Add the following line to monitor events in a specific directory (replace /path/to/directory with the actual path):

-w /path/to/directory -p rwxa -k watch_directory

• -w: Watch the specified file or directory.
• -p: Set permissions to watch (read, write, execute, attribute change).
• -k: Attach a key to the rule (a string identifier).

Save the file and restart the auditd service:

   sudo systemctl restart auditd

Verify the Configuration

Use the auditctl command to verify that the rules are loaded:

sudo auditctl -l

This command lists the currently loaded audit rules.

Monitor File System Events

You can use the ausearch command to display events matching specific criteria:

sudo ausearch -k watch_directory

• -k: Specify the key attached to the rule. This command shows audit events related to the specified key.

Interpret Audit Log Entries

To interpret the audit log entries, refer to the /var/log/audit/audit.log file. Use tools like ausearch or aureport to filter and analyze the data:

sudo ausearch -k watch_directory

This command displays human-readable audit entries for the specified key.

sysdig

sysdig is a versatile system monitoring and troubleshooting tool that can capture and display file system activity.

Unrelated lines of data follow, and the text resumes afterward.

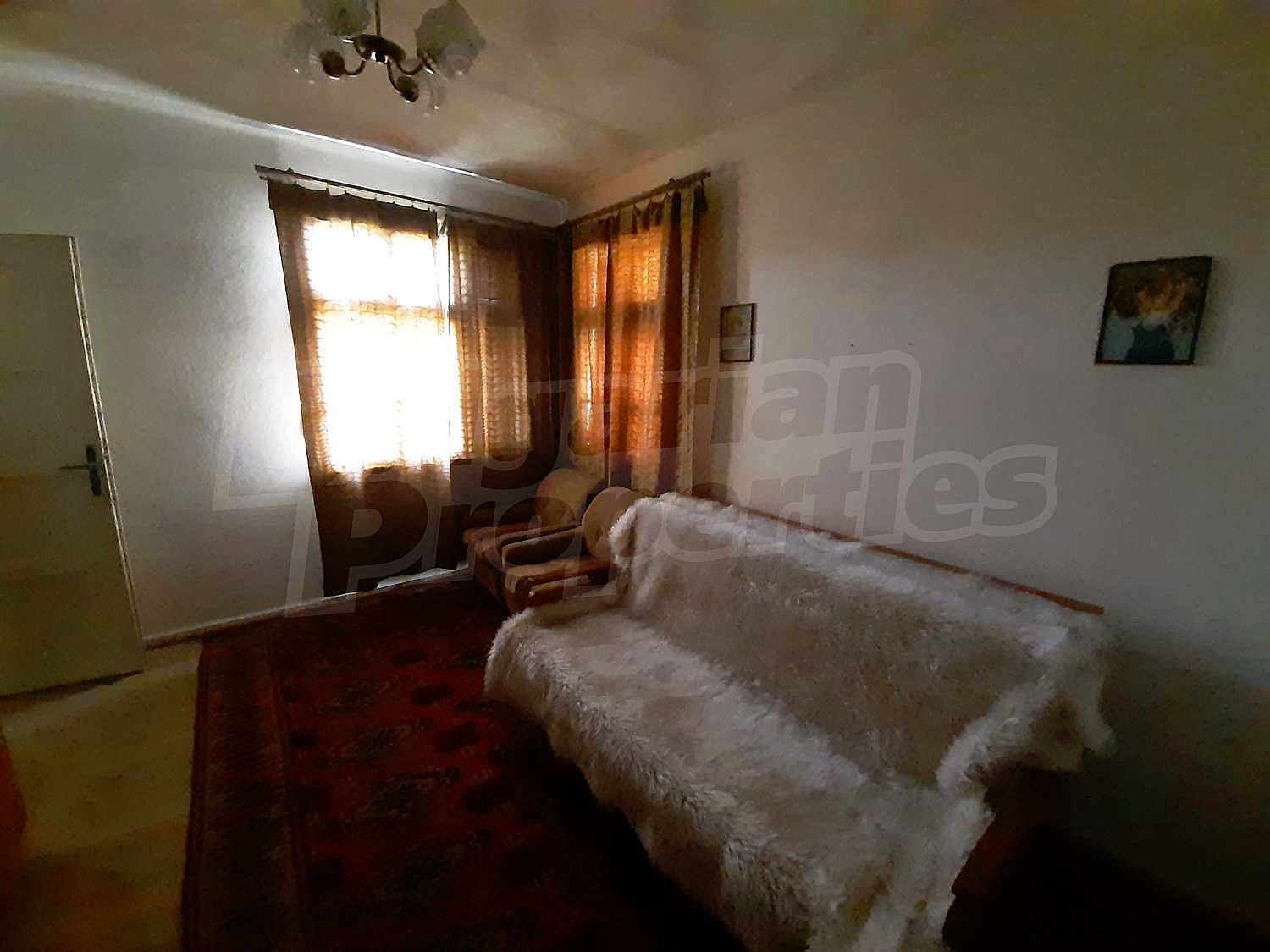 Gallery Picture 10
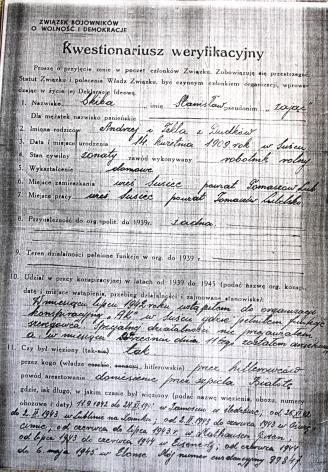 Najczęściej ojciec opowiadał o apelach tam panujących i o systemie dziesiętnego odliczania. Pewnego razu i na niego przyszła pora, że przy odliczaniu miał numer dziesięć.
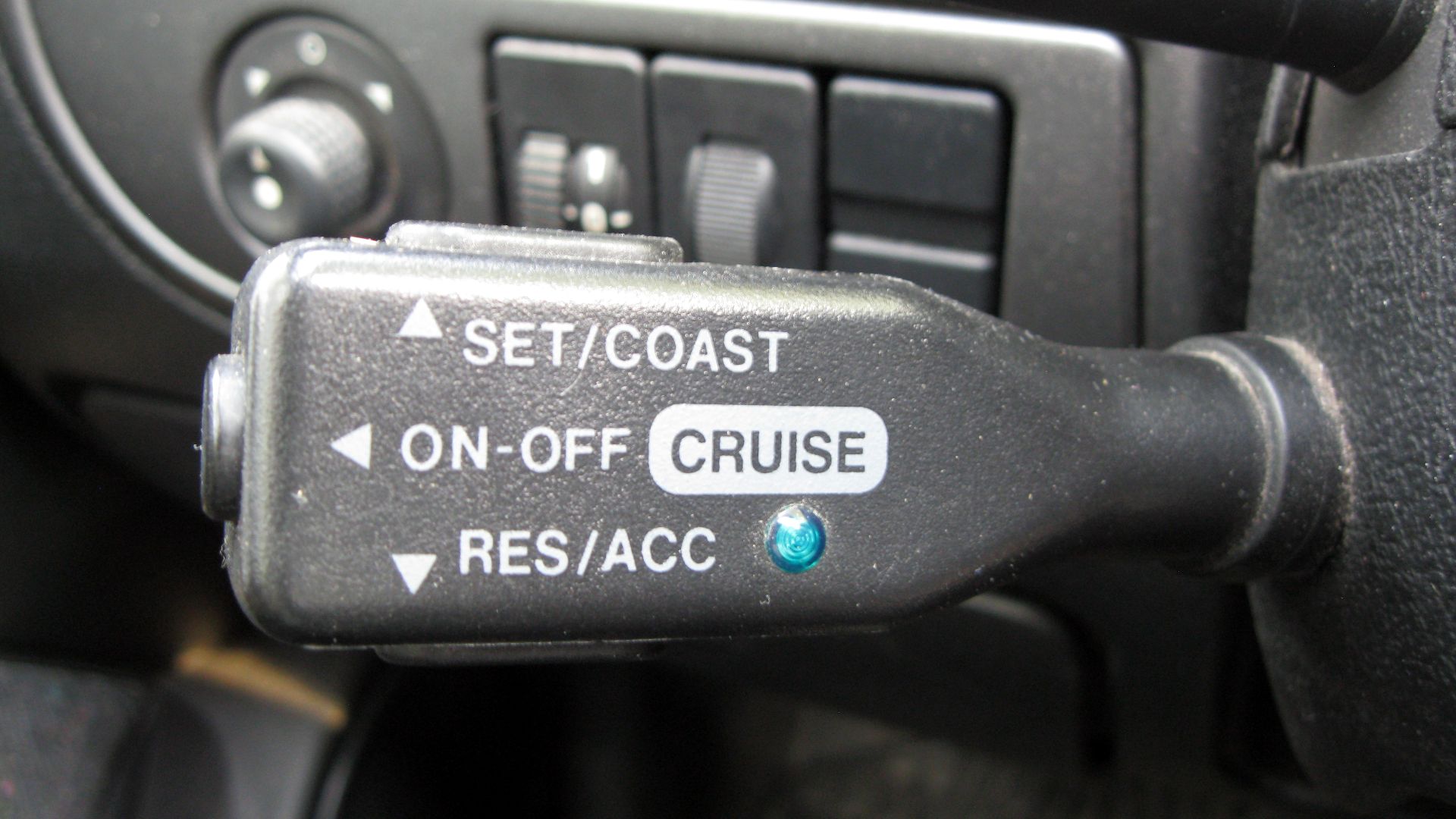 File:Cruise control Citroen Xsara.jpg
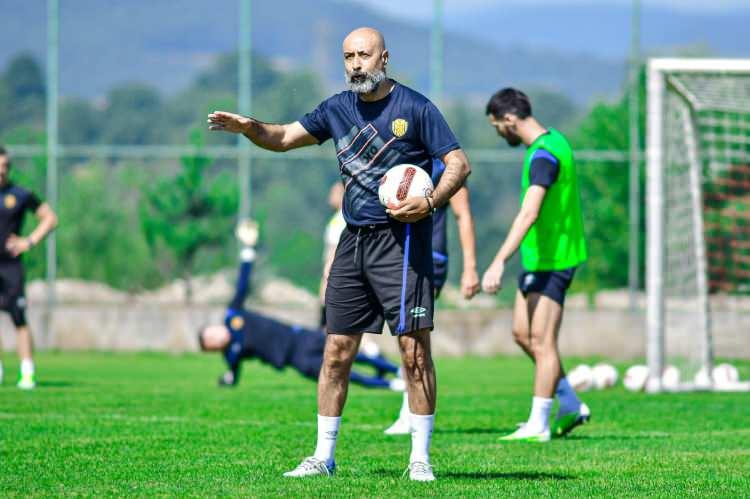 <p>* Tolunay Kafkas - Ankaragücü (7. Hafta)</p>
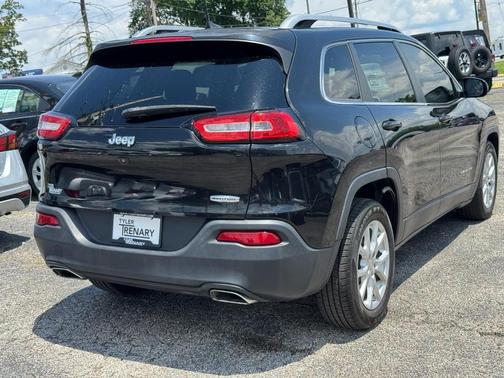 Brilliant Black Crystal Pearlcoat 2016 Jeep Cherokee Latitude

sudo sysdig -A -c echo_fds fd.type=file

This command displays file system activity with details like read and write operations.

fatrace

fatrace is a utility that reports file access events from all running processes.

sudo apt-get install fatrace   # On Debian/Ubuntu
sudo yum install fatrace       # On Red Hat/CentOS

sudo fatrace -t

This command shows file access events in real-time, including the process generating the event.

iotop

iotop is a tool for monitoring I/O usage on a system, including file system activity.

sudo apt-get install iotop   # On Debian/Ubuntu
sudo yum install iotop       # On Red Hat/CentOS

sudo iotop

Run iotop to display processes and their I/O usage, including file reads and writes.

Choose the tool or method that best fits your needs based on the level of detail required and the specific file system activity you want to monitor. Note that some tools may require installation through your system’s package manager.